On his last conversation with Baker:

“I talked to Buddy just two or three weeks ago when Doug Richert went to visit him.  Doug called and put him on the phone with me.  He asked if I’d pray with him, so I prayed with him for a few minutes.  We talked about racing and his faith in God.  He assured me he was looking forward to heaven and to seeing his dad.  He told me how much he loved his dad and how much he was looking forward to being reunited with him. It was a heart-touching conversation. As many people have heard him say, Baker told me, ‘When you think of me, I want you to laugh — not cry.’ I can think of a million times Baker made me laugh, so it’s not hard to laugh when I remember him.  But I will really, really miss him.”

On one of his favorite memories of Baker:

“One that really sticks out is that NASCAR Goes Country album we did back in the day.  I always called Baker ‘Butterbean’ afterward because he did that song ‘Just a Bowl of Butterbeans.’  It was hilarious watching him do it because he’d get so uptight about some things. He was a nervous wreck about that song because he wanted the song to be just right and wanted to nail it.  He was the same way racing.  I asked him once, ‘Baker, why do you get so nervous and so torn up before a race?’ He said, ‘If you’d had as many things happen to you at the end of a race to keep you from winning as I have,  you’d get nervous, too.’ He literally would drive cars into the ground.  The cars couldn’t take it back then.
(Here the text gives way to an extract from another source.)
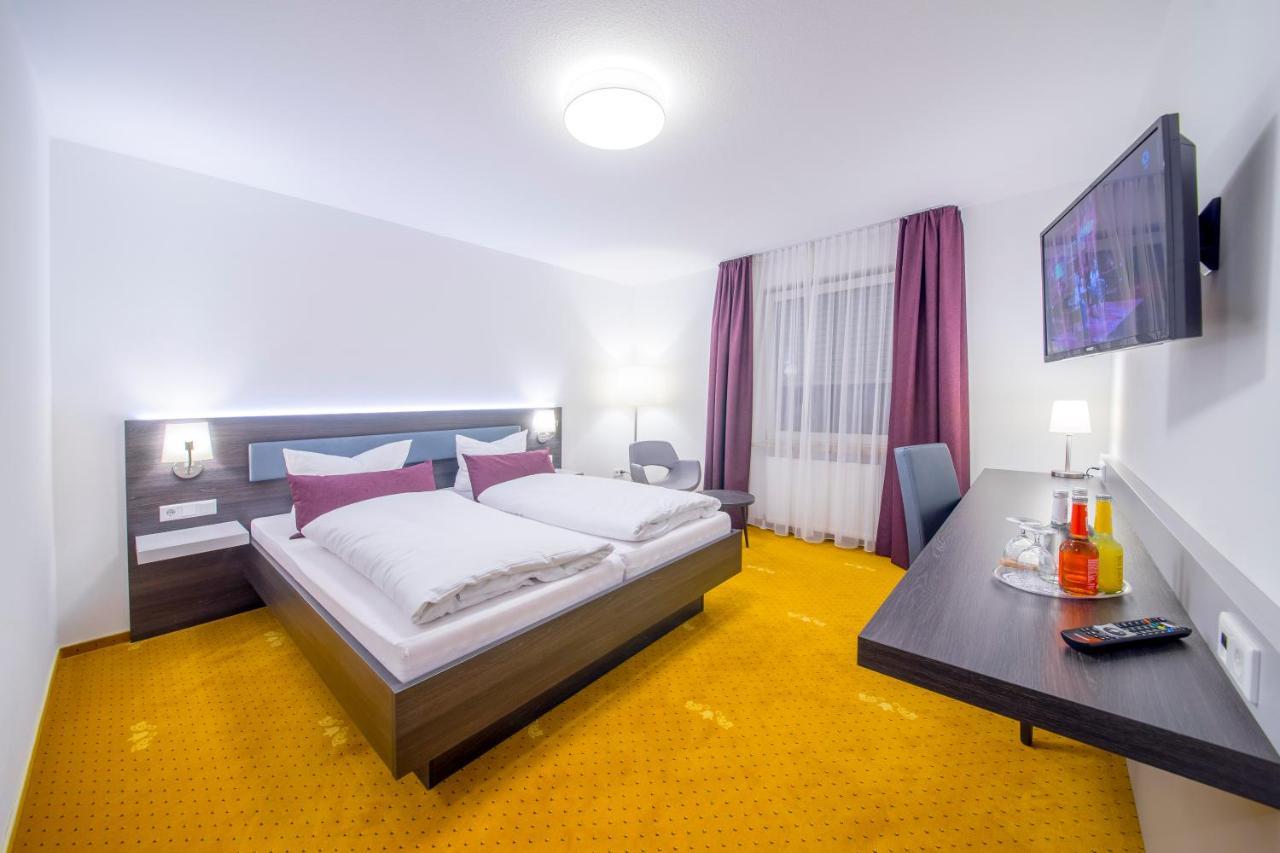 Hotel Nuernberger Hof Neumarkt in der Oberpfalz Buitenkant foto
Baker probably could have won a ton of races if he’d just paced himself more, but he didn’t know how. He was a big man, and those cars were big and heavy, so he could manhandle and abuse a car more than most of us could because of his size.  He literally drove them into the ground many times and cost himself a lot of wins.”
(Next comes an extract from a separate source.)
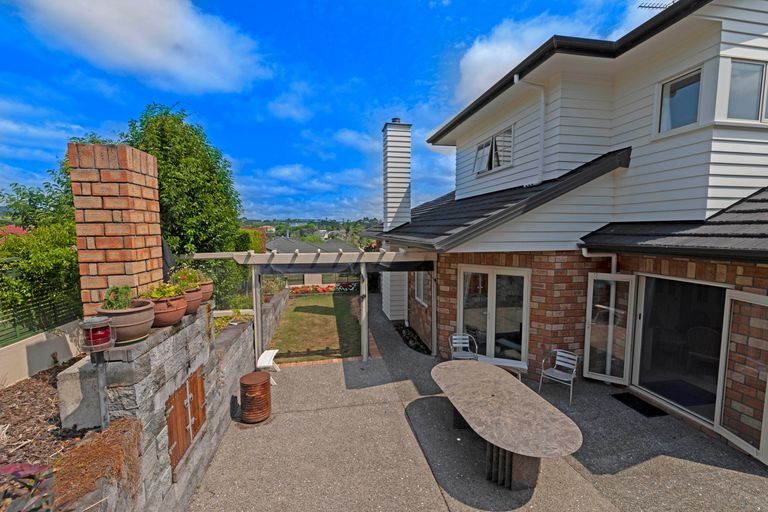 Photo of property in 7 Semillon Avenue, Henderson, Auckland, 0612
On how he will remember Baker:

“I had the pleasure of racing with him.  We had some good times on the race track. I had the pleasure of working with him in the TV booth when I was a guest on TNN sometimes. Then he was  car owner when I was on the verge of owning my team, and he talked to me about how tough that was.  That’s when Cale (Yarborough), Bobby (Allison), Buddy and a bunch of us drivers thought we could be car owners.  We found out we were great drivers but not such good car owners. Baker found that out the hard way, and it cost him a lot of money.  I found that out the hard way, and it also cost me a lot of money.

“I knew him in every aspect of the sport — as a driver, owner and TV analyst.  Baker was always fun to be around and one of the best storytellers in the world.  Every race was an adventure. When you took off for a 500-mile race back in those days, you knew you’d be lucky to go 500 miles and not have something happen.  That produced countless stories.  Baker telling the story about racing in Tennessee and falling out of the back of the ambulance was hilarious.  I could go on all day sharing stories he told me over the years, and they were all true.  The people we drove for and raced against back in the day were such characters, and great characters oftentimes are great storytellers.  He had the knack for keeping an audience spellbound, and that’s what made him so good on TV and radio.”